Slashdot Asks: The Washington Post Says It Publishes Something Every Minute -- How Much Is Too Much? (washingtonian.com)
Media outlets are increasingly vying for your attention. But they are also feeding Google's algorithm. Some of them churn hundreds of news articles every day, hoping to offer a diverse range of articles to their readers, and also increase their "search space." The Washington Post is currently running a promotional offer -- letting people get a six-month digital subscription for $10 (pretty good if you ask me). But the Washington Post also mentions that is now publishes a new piece of content every minute. That's like 1,440 articles, videos and other forms of content in one single day. This raises a question: how much content is too much content? How many stories can a person possibly find time to read in a day? Do you feel that perhaps outlets should cut down on the number of things they publish? Or are you happy with the way things are?
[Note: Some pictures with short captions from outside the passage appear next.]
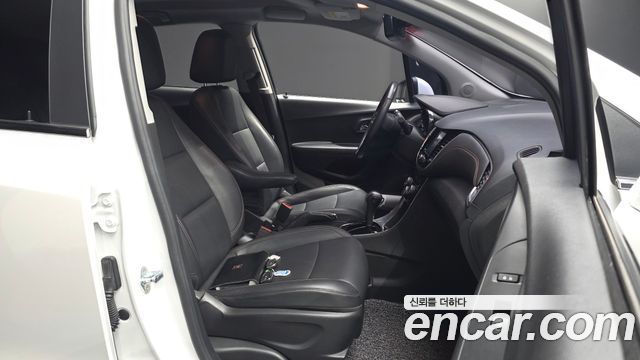 Chevrolet Trax 1.4 Premier 2019 — фото 26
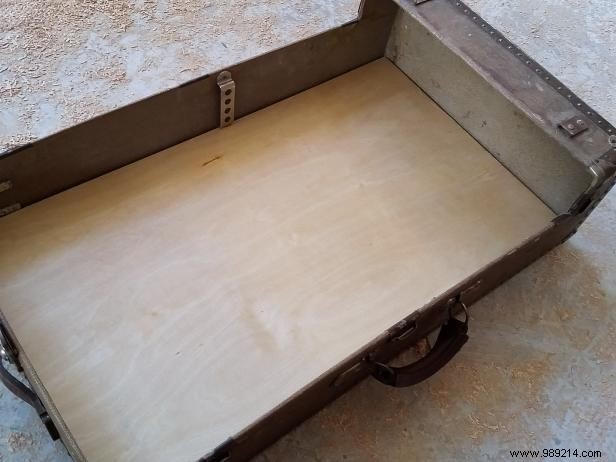 How to make a suitcase coffee table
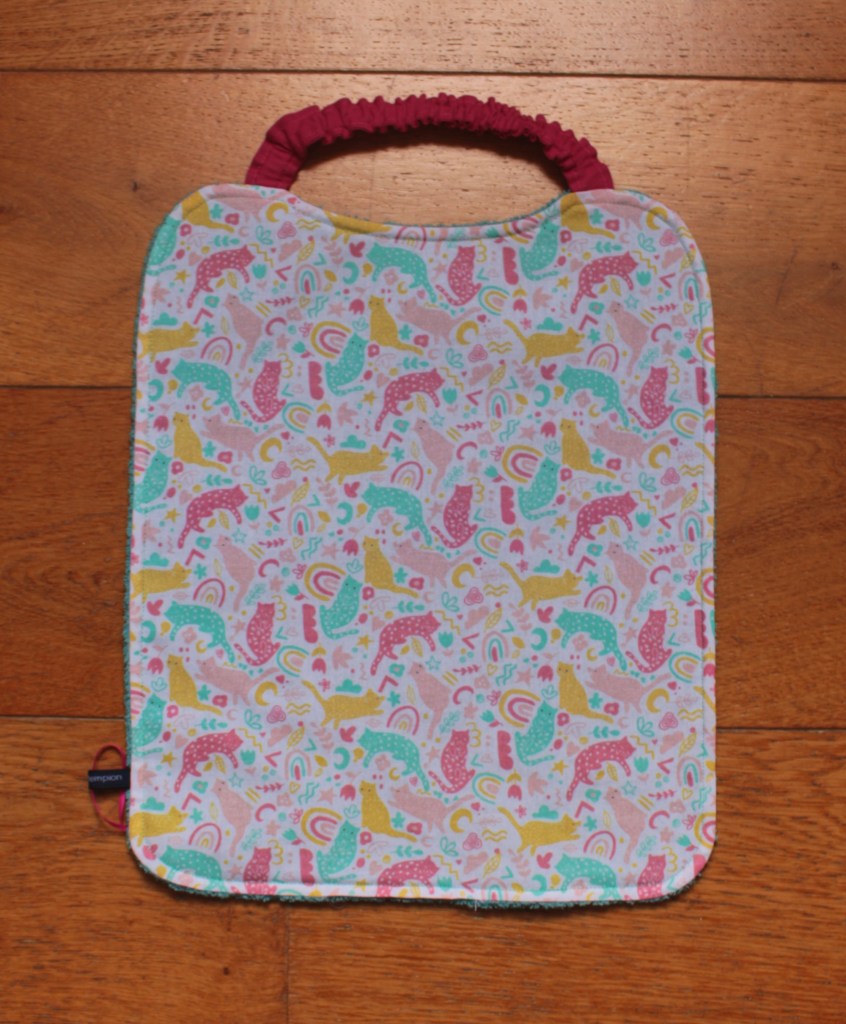  enfant , créatrice, fait main, idée cadeau, made in france, fabrication locale, bavoir, cantine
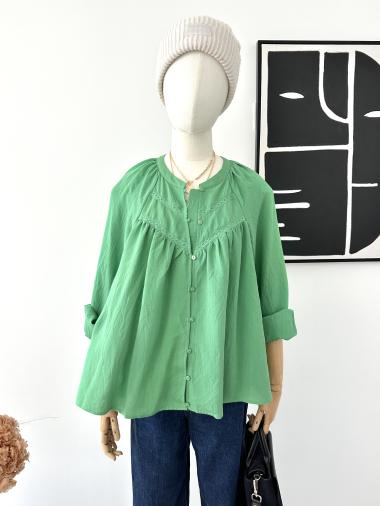 Wholesaler Inspiration Studio - Slightly puff sleeve blouse with openwork detail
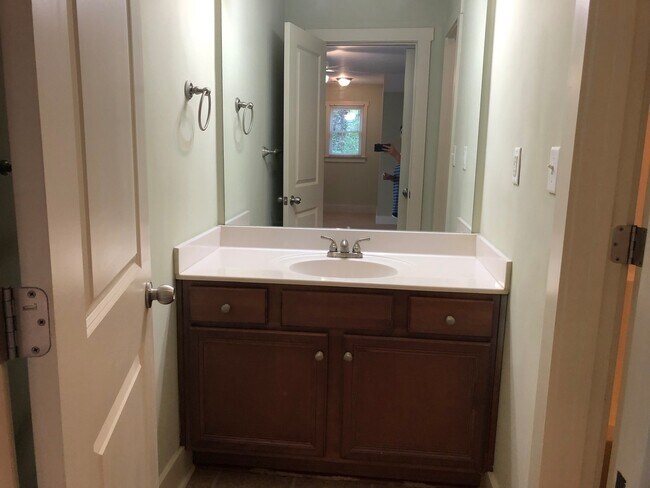 Building Photo - PRE-LEASING FOR AUGUST 2026!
The bad thing with that is even if you try to do the "right thing" by reading an internet newspaper, you end up in a filtering bubble by only looking up a couple categories you're interested in.
This makes an actual newspaper vastly superior. Even if you skim over or ignore swathes of it, all of the content is there and instantly available. Once in a while you might read something in the "useless" culural sections or among some content you usually don't give a damn about.
A newspaper is a collection of a few dozen reflective, zero power 4K displays that you can bend and fold at will, and where you don't even have to scroll. Scrolling is so 500 B.C.!
The shame is newspapers have shrunk and lowered in quality and merely echo propaganda like TV, radio and internet news sites do. Corporate power and advertisement make them trivially susceptible to pressure. I'm not sure that in my country there is any good daily newspaper left. E.g. war stories are the cartoon-like version where our authorities call for us to be outraged about the bombings of civilians by Russia and Syria, but starving people hit by artillery don't officially exist if they're not in the right areas. It's only a war crime when Syrians defend themselves, not when the West or Israel or Al Qaida does it.
Also, everyone is unemployed, underemployed or underpaid, and tobacco increased 2x in price, food increases despite the zero inflation. So they arbitrate between a newspaper and bread or a newspaper and smokes, and decline to buy the newspaper.
Internet news sites are the shit end of the stick, like video games replaced going outside and free or pirated movies replaced the theater.